**WHAT IS EXPECTED**. Copy out the listing that follows exactly, dropping every picture.

Start of GIVEN INFORMATION

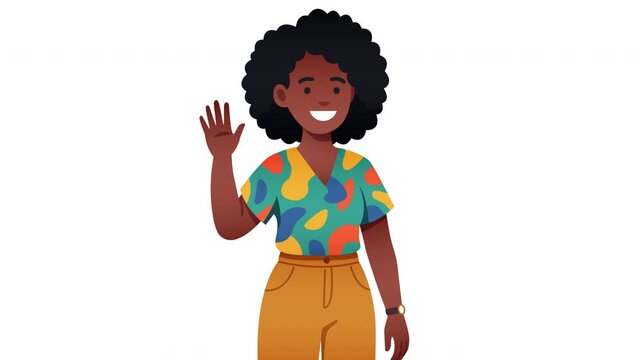 Friendly illustrated woman waving hello with curly hair and colorful patterned shirt isolated on white background Prores Alpha 4K 60 fps Looping
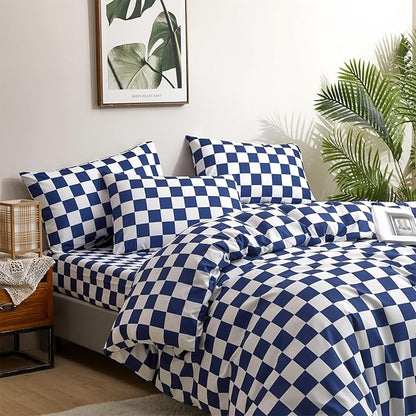 CLOTHKNOW Blue White Plaid Comforter Set Twin/Twin XL Grid Bedding Comforter Sets Royal Blue White Bed Comforter Blue Bedding Sets Soft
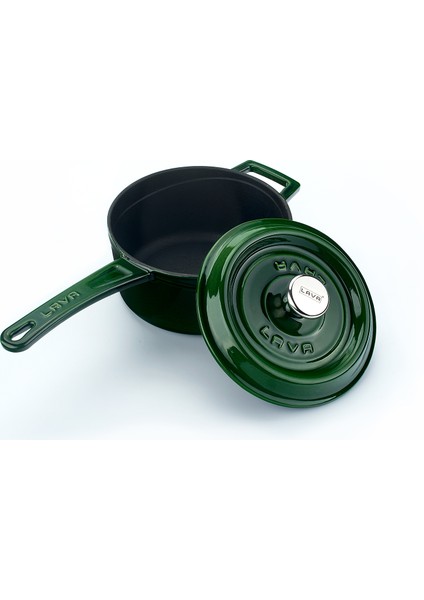 Döküm Yuvarlak Sos Tenceresi Metal Saplı Çap(Ø16 Cm, Majolica Yeşil
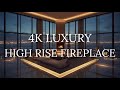 4K Luxury Penthouse Fireplace Ambience | Cozy Relaxing Music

End of GIVEN INFORMATION

**SOLUTION FOR THIS PROBLEM**.
 Friendly illustrated woman waving hello with curly hair and colorful patterned shirt isolated on white background Prores Alpha 4K 60 fps Looping
 CLOTHKNOW Blue White Plaid Comforter Set Twin/Twin XL Grid Bedding Comforter Sets Royal Blue White Bed Comforter Blue Bedding Sets Soft
 Döküm Yuvarlak Sos Tenceresi Metal Saplı Çap(Ø16 Cm, Majolica Yeşil
 4K Luxury Penthouse Fireplace Ambience | Cozy Relaxing Music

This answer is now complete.